▶ INSTRUCTIONS TO FOLLOW: In the copy, keep every word of the data below and none of its pictures.

▶ PROVIDED MATERIAL:
* * * * * * * * *

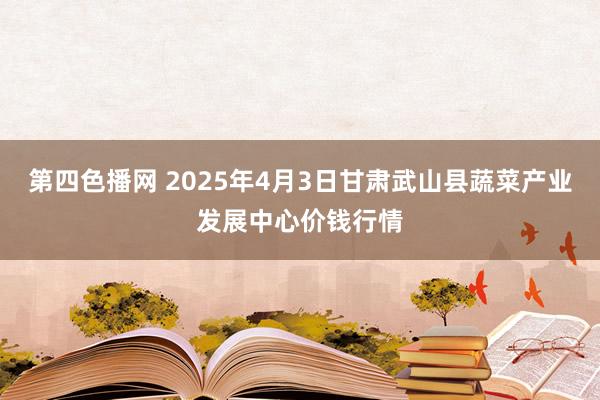 第四色播网 2025年4月3日甘肃武山县蔬菜产业发展中心价钱行情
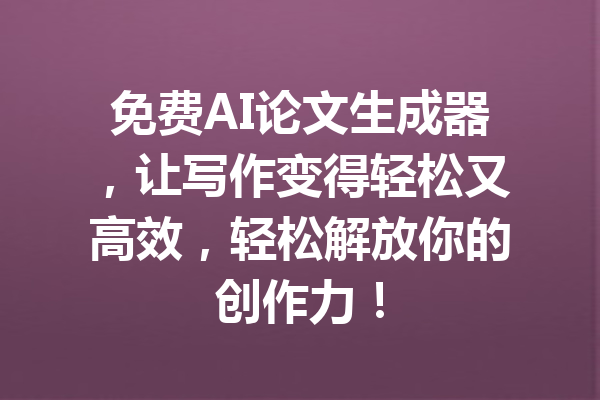 免费AI论文生成器，让写作变得轻松又高效，轻松解放你的创作力！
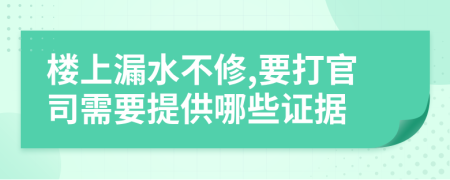 楼上漏水不修,要打官司需要提供哪些证据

* * * * * * * * *

▶ RESPONSE TO THIS EXERCISE:
 第四色播网 2025年4月3日甘肃武山县蔬菜产业发展中心价钱行情
 免费AI论文生成器，让写作变得轻松又高效，轻松解放你的创作力！
 楼上漏水不修,要打官司需要提供哪些证据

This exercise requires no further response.